⟨

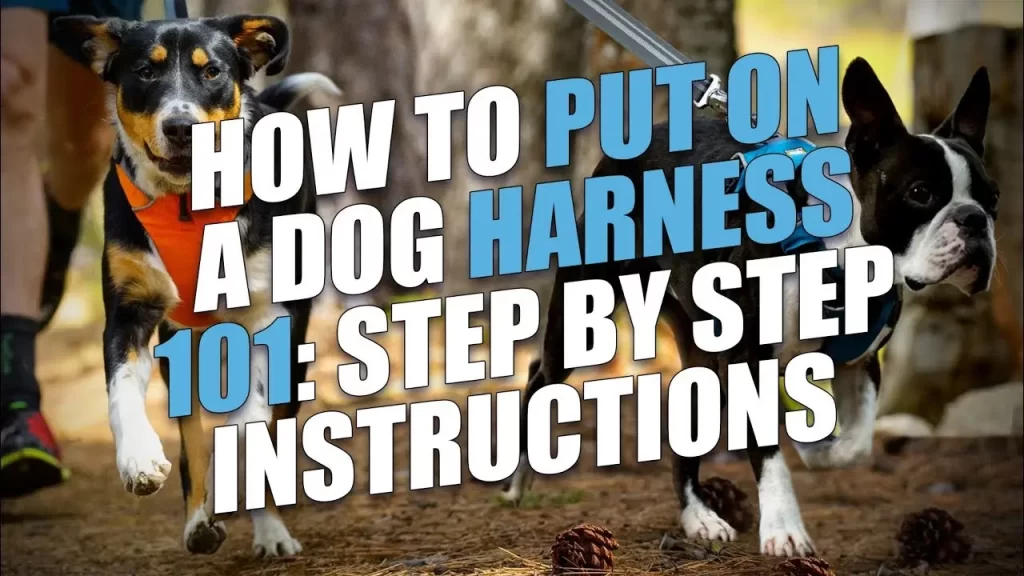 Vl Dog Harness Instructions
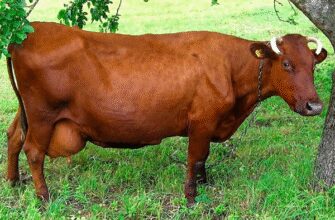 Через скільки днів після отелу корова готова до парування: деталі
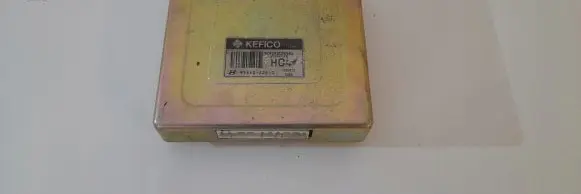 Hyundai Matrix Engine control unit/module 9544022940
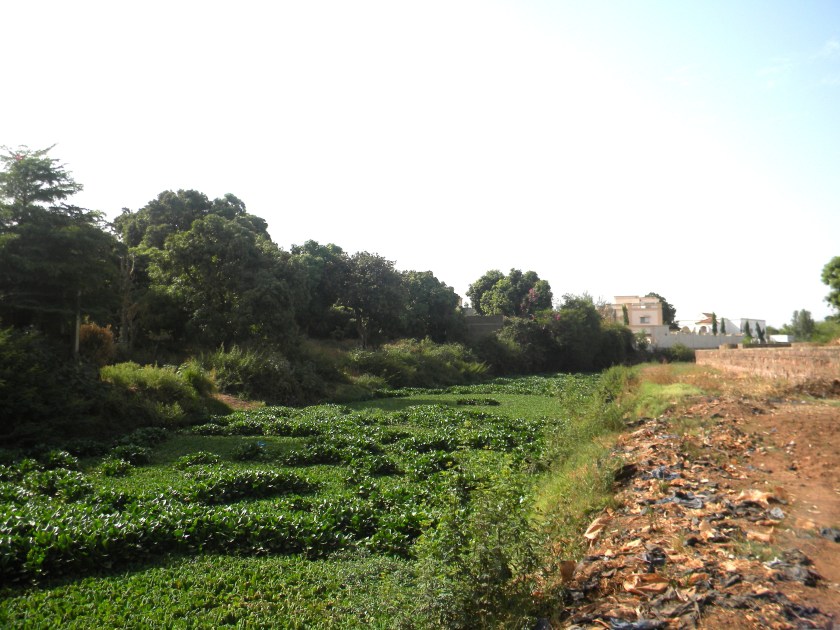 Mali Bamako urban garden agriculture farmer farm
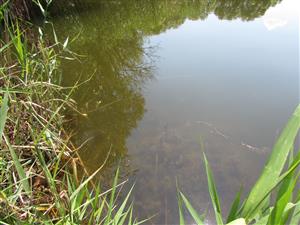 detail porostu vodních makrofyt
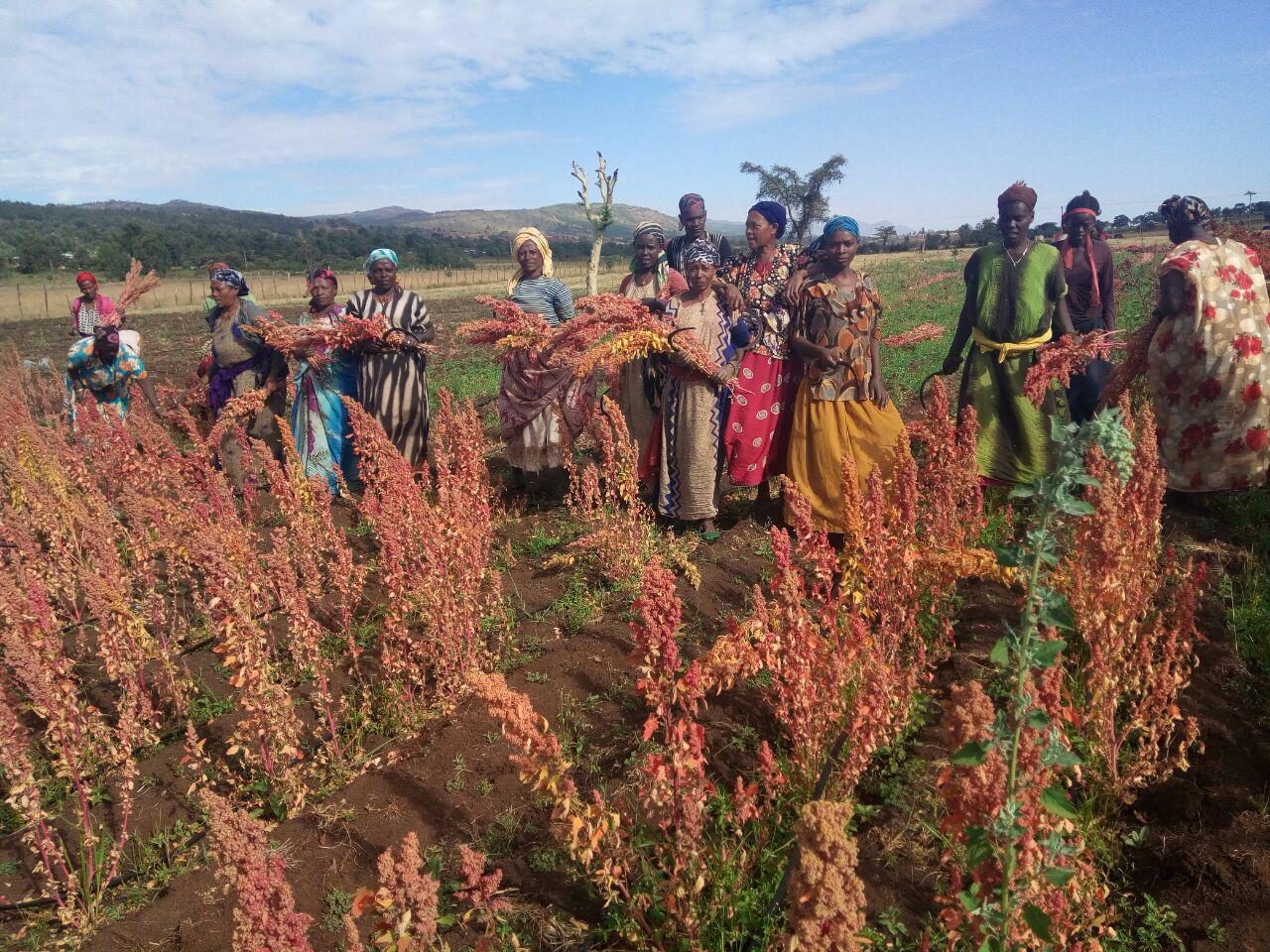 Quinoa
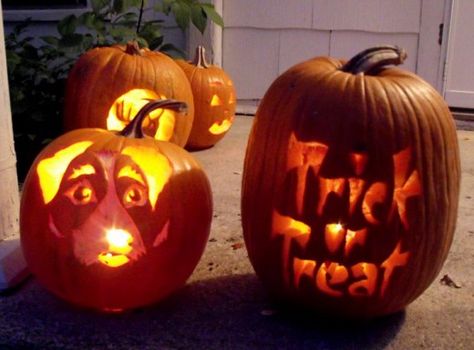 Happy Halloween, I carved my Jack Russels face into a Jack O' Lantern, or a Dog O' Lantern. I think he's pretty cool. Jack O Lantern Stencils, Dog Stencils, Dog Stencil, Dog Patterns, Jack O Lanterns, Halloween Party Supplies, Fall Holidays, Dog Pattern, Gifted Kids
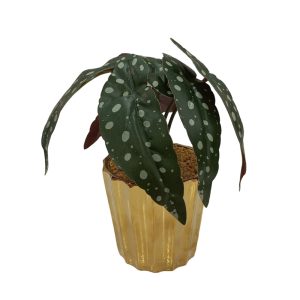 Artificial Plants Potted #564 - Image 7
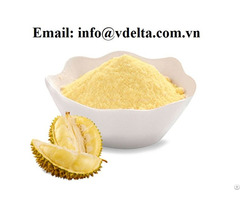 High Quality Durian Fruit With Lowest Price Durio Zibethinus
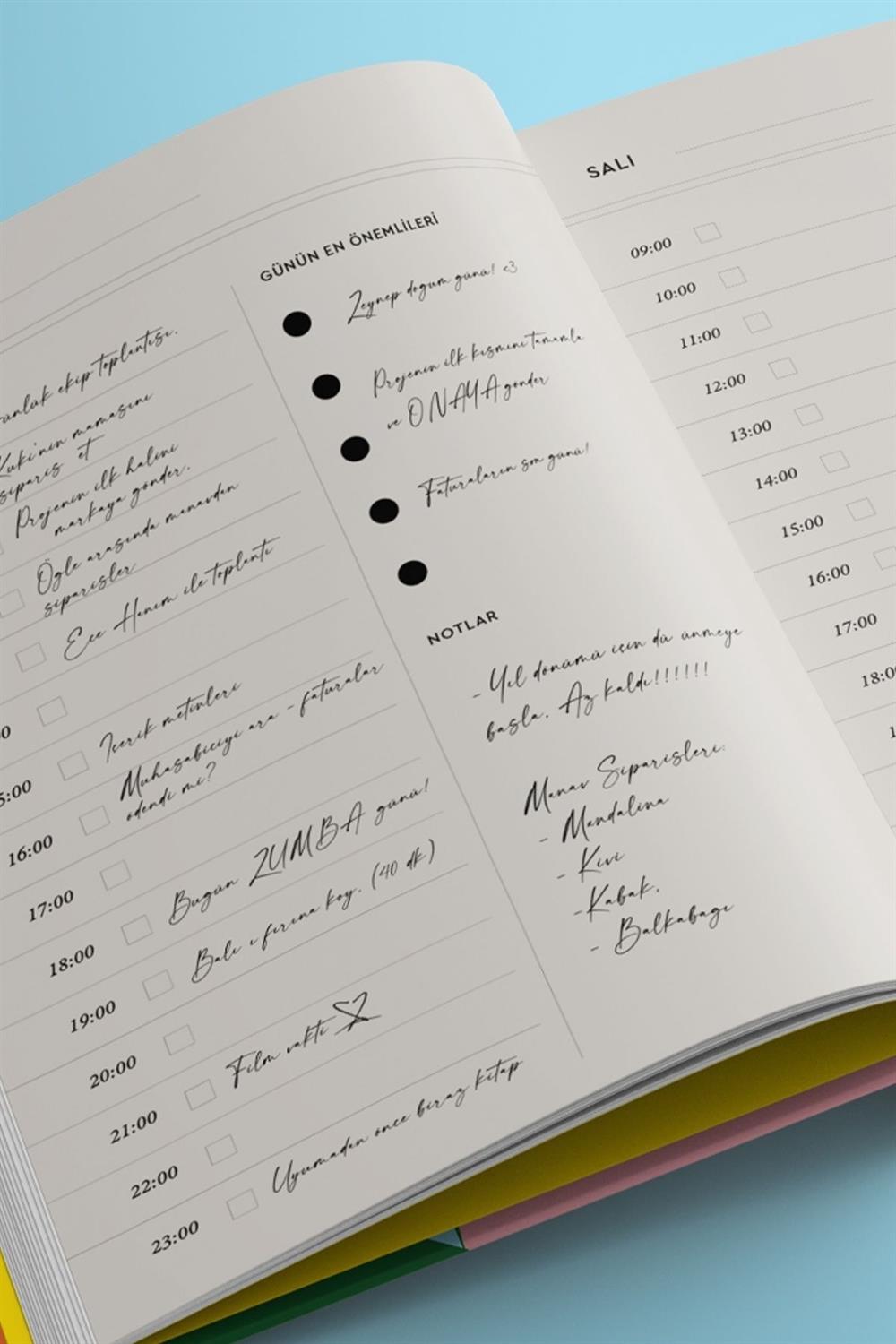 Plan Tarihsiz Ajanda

⟩

_What the exercise asks_. Give each record above back word for word, but carry over none of the pictures.

_Output for this exercise_.
 Vl Dog Harness Instructions
 Через скільки днів після отелу корова готова до парування: деталі
 Hyundai Matrix Engine control unit/module 9544022940
 Mali Bamako urban garden agriculture farmer farm
 detail porostu vodních makrofyt
 Quinoa
 Happy Halloween, I carved my Jack Russels face into a Jack O' Lantern, or a Dog O' Lantern. I think he's pretty cool. Jack O Lantern Stencils, Dog Stencils, Dog Stencil, Dog Patterns, Jack O Lanterns, Halloween Party Supplies, Fall Holidays, Dog Pattern, Gifted Kids
 Artificial Plants Potted #564 - Image 7
 High Quality Durian Fruit With Lowest Price Durio Zibethinus
 Plan Tarihsiz Ajanda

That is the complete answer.